→ **RECORDS**:
[Start of Attachment]
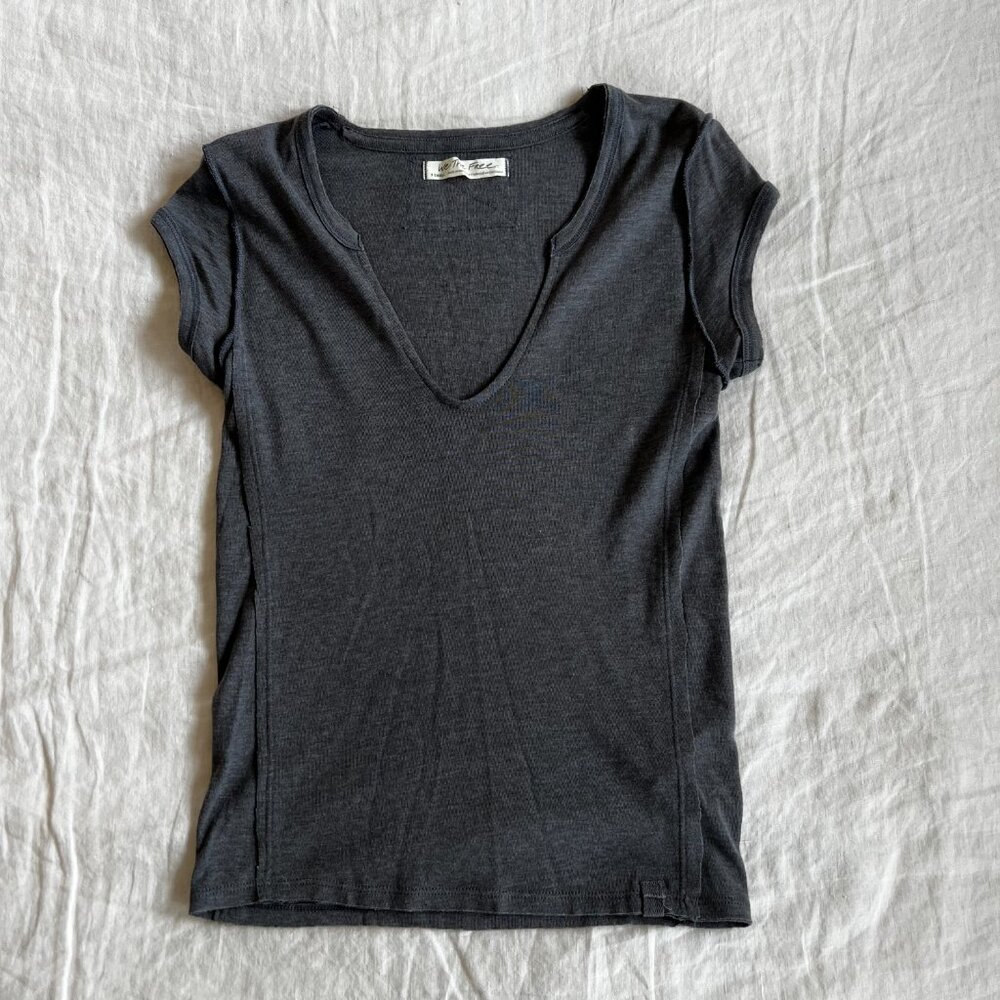 Free People Tee Size XS Grey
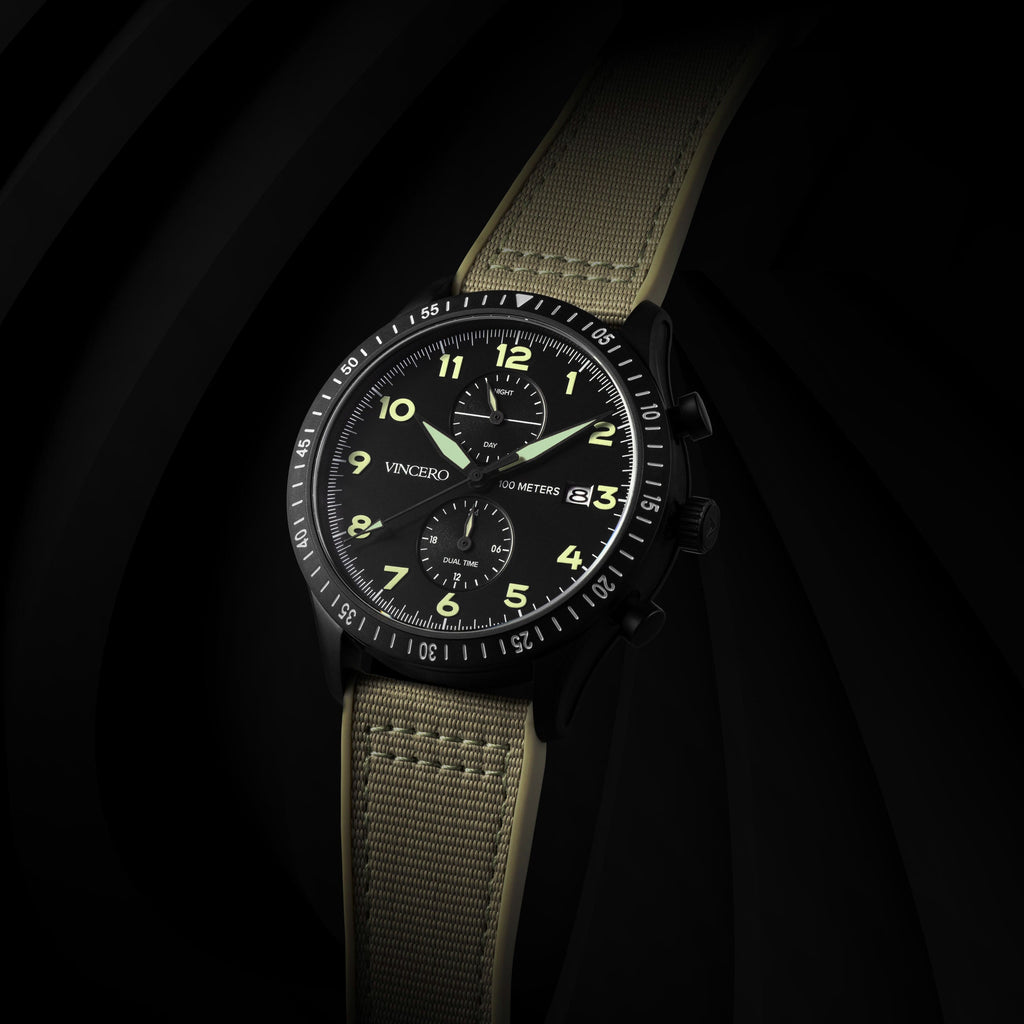 The Altitude Watch in Graphite - 43mm Mens Everyday Timepiece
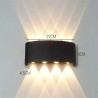 Aplica exterior perete 2x4W lumina calda Gri [2]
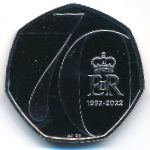 Great Britain, 50 пенсов, 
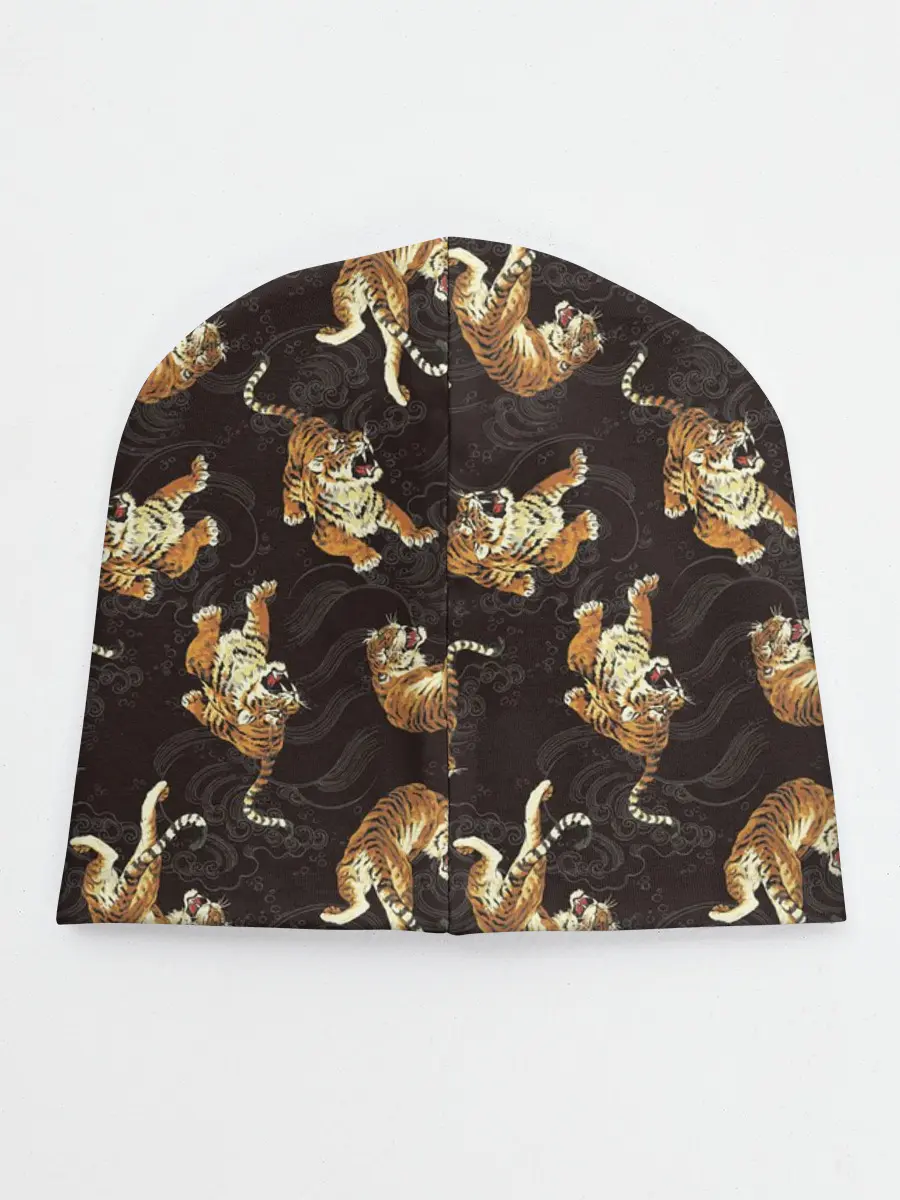 Детская шапка / Паттерн Японский тигр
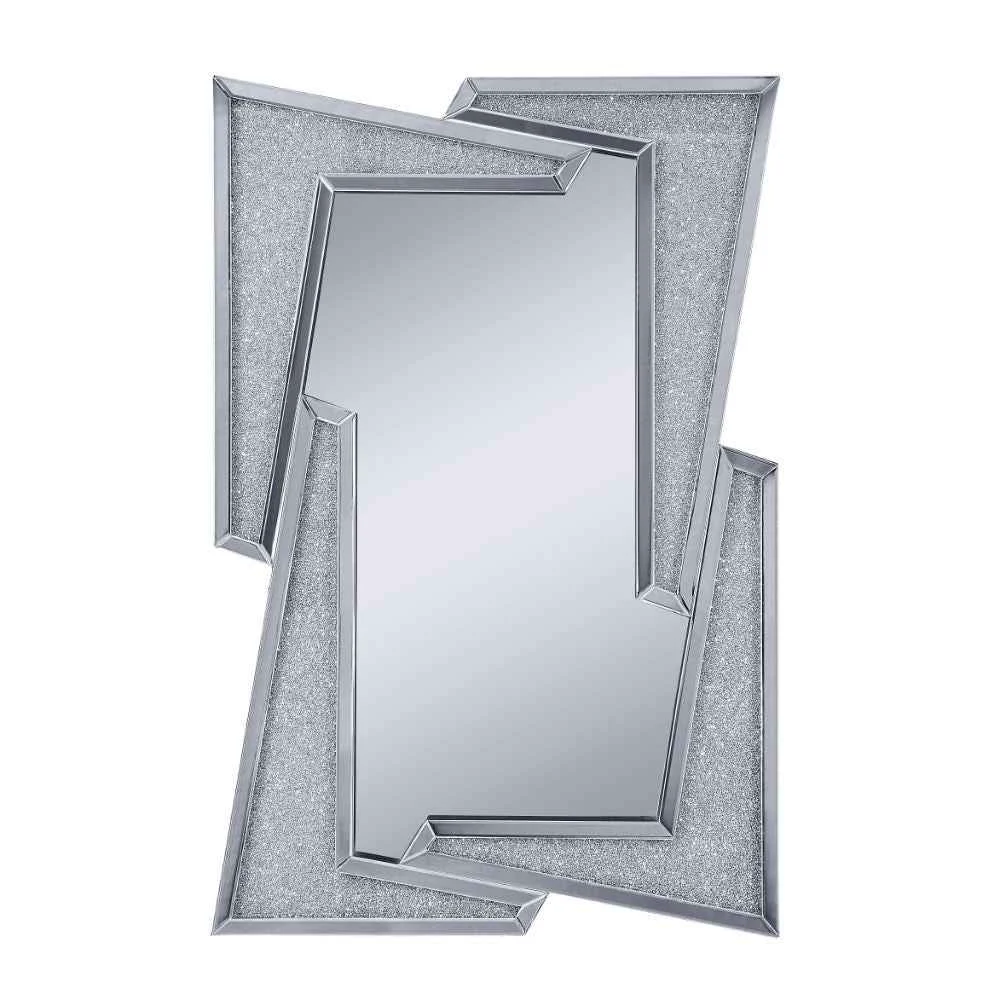 Fine Crafted Noralie – 47 quot Accent Mirror – Mirrored amp Faux Diamonds Detailed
[End of Attachment]
→ **WHAT TO WORK ON**: What is needed is an exact repetition of every line from the line with "The Altitude Watch" to the end of the data above, both ends included, with no pictures.

→ **EXERCISE OUTPUT**:
 The Altitude Watch in Graphite - 43mm Mens Everyday Timepiece
 Aplica exterior perete 2x4W lumina calda Gri [2]
 Great Britain, 50 пенсов, 
 Детская шапка / Паттерн Японский тигр
 Fine Crafted Noralie – 47 quot Accent Mirror – Mirrored amp Faux Diamonds Detailed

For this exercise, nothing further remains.